What you should give back is every line from the one containing "Overhead sticky date" through the last line of the records below, word for word and without pictures.

Stored dataset items

--- START ---

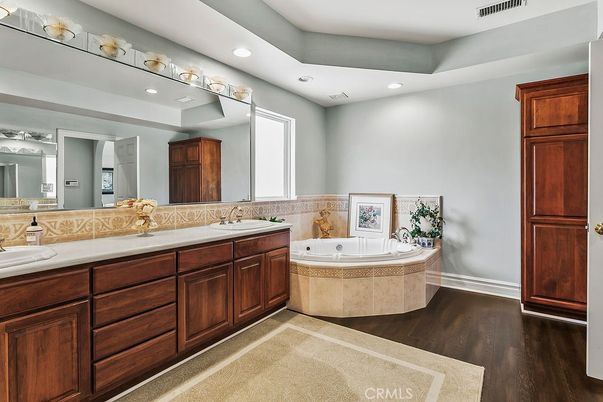 Bathroom, Dual Sink Vanities, Interior, Recessed Lighting, Wood Texture Flooring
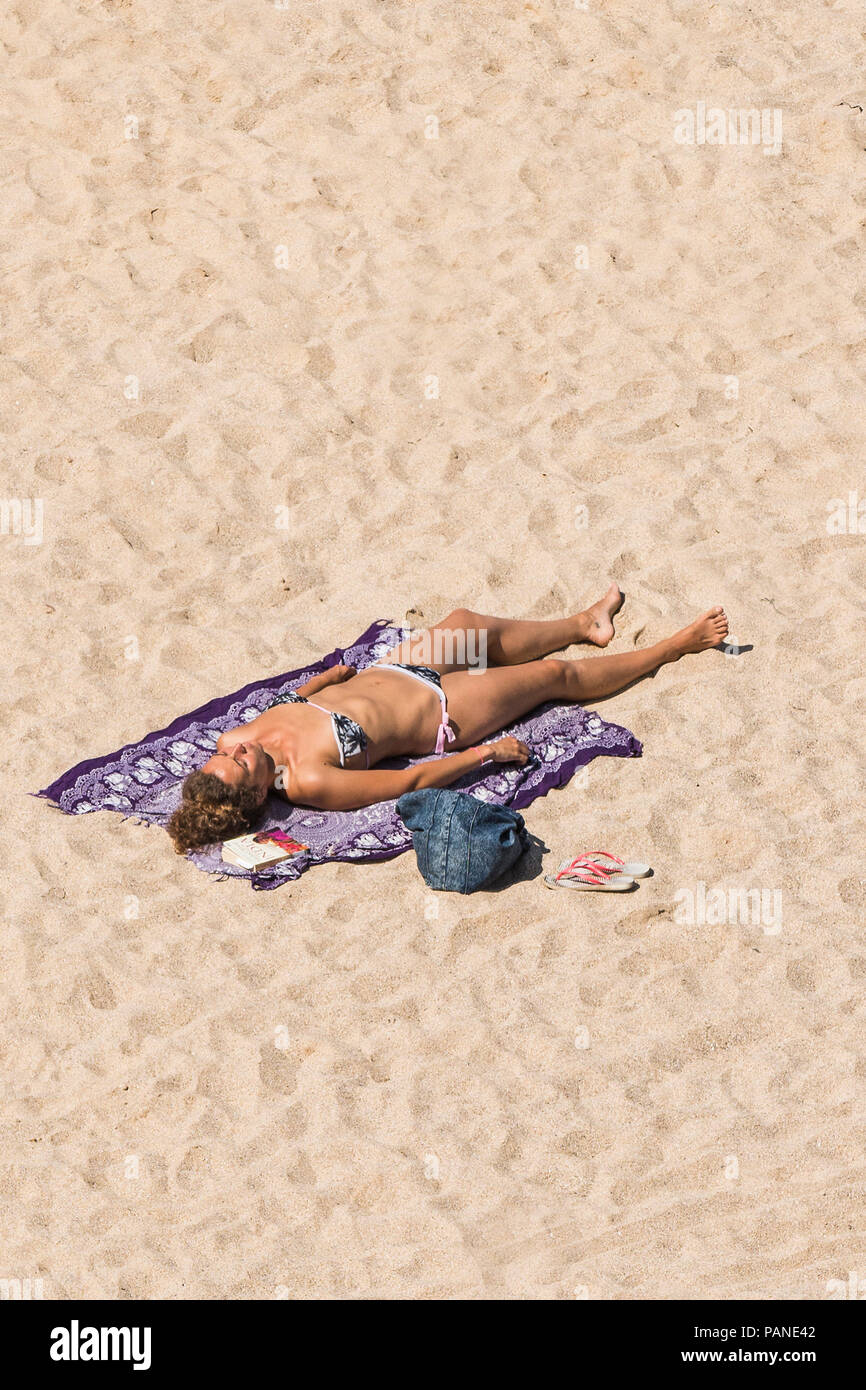 An attractive woman female holidaymaker sunbathing on a beach in Newquay Cornwall. Stock Photo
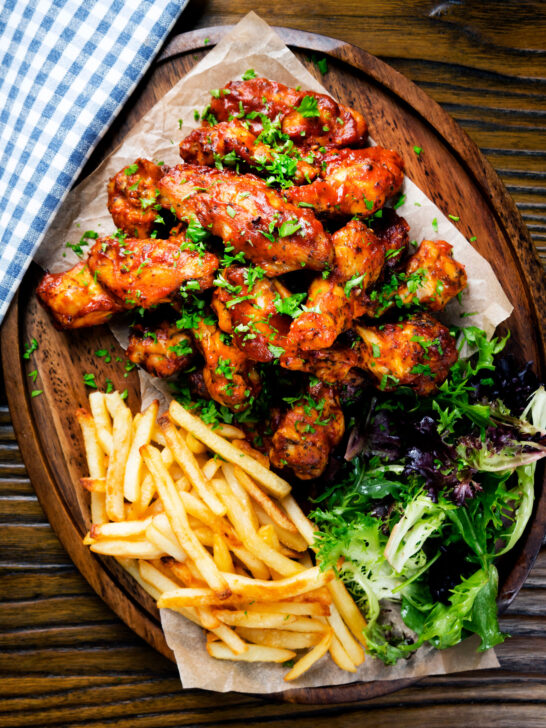 Overhead sticky date and harissa chicken wings served with French fries and salad.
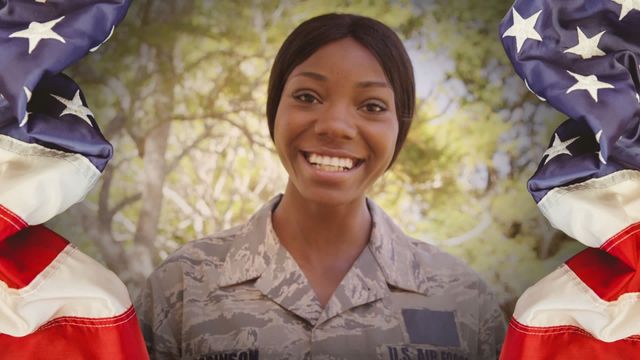 Close-up of a smiling African American female soldier dressed in uniform, outdoors and surrounded by American flags. Great for illustrating themes of patriotism, military service, celebrating national holidays like Independence Day, Veterans Day, or related to recruitment campaigns.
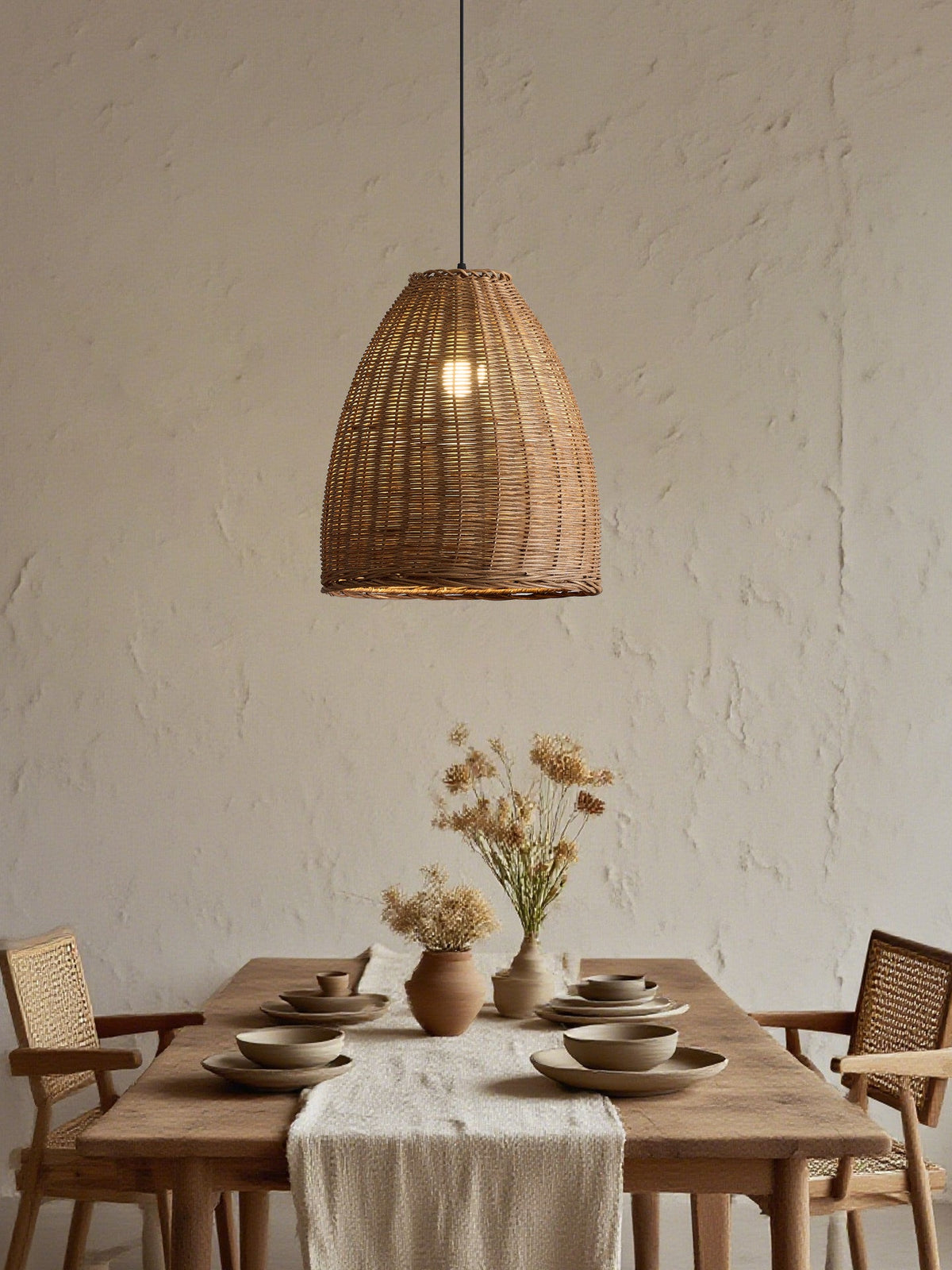 A woven rattan Clérachic pendant glows above a wood table set with dried flowers and rustic chairs.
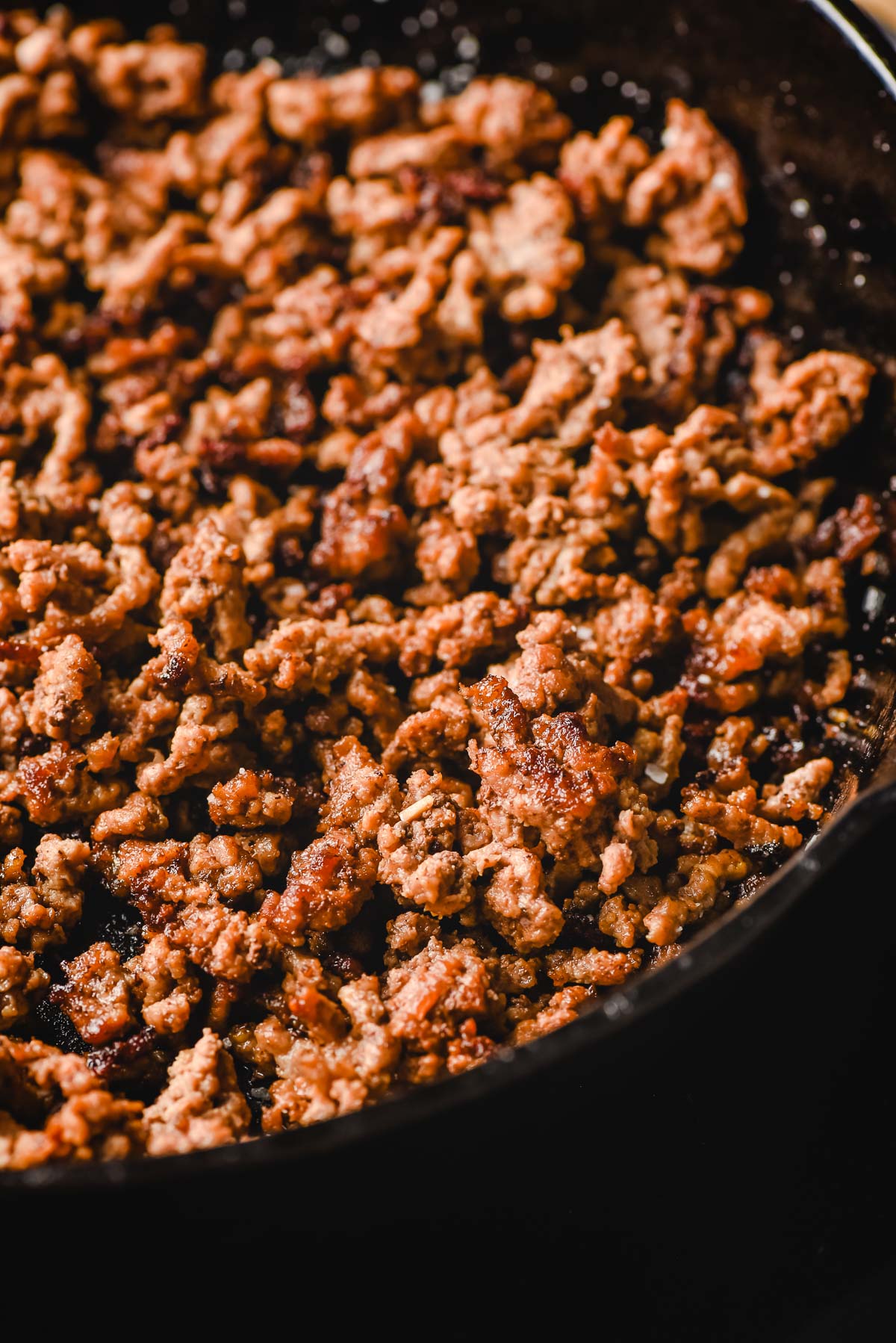Crispy browned ground beef in a cast iron skillet.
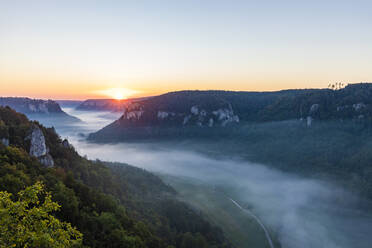 Deutschland, Baden-Württemberg, Blick auf das nebelumhüllte Donautal bei Sonnenaufgang - WDF06242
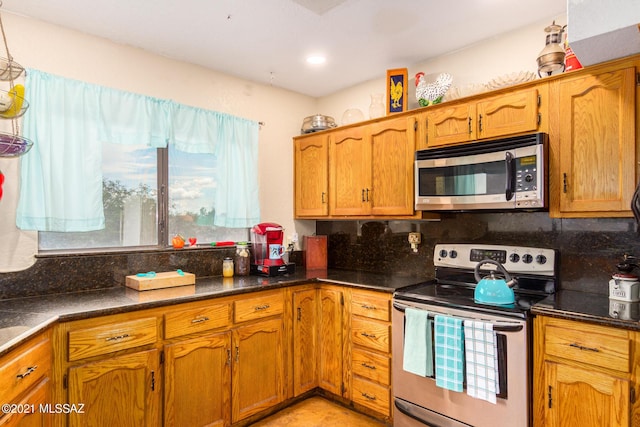 kitchen with a wealth of natural light, decorative backsplash, and appliances with stainless steel finishes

--- END ---

• _Answer for this exercise_:
 Overhead sticky date and harissa chicken wings served with French fries and salad.
 Close-up of a smiling African American female soldier dressed in uniform, outdoors and surrounded by American flags. Great for illustrating themes of patriotism, military service, celebrating national holidays like Independence Day, Veterans Day, or related to recruitment campaigns.
 A woven rattan Clérachic pendant glows above a wood table set with dried flowers and rustic chairs.
Crispy browned ground beef in a cast iron skillet.
 Deutschland, Baden-Württemberg, Blick auf das nebelumhüllte Donautal bei Sonnenaufgang - WDF06242
 kitchen with a wealth of natural light, decorative backsplash, and appliances with stainless steel finishes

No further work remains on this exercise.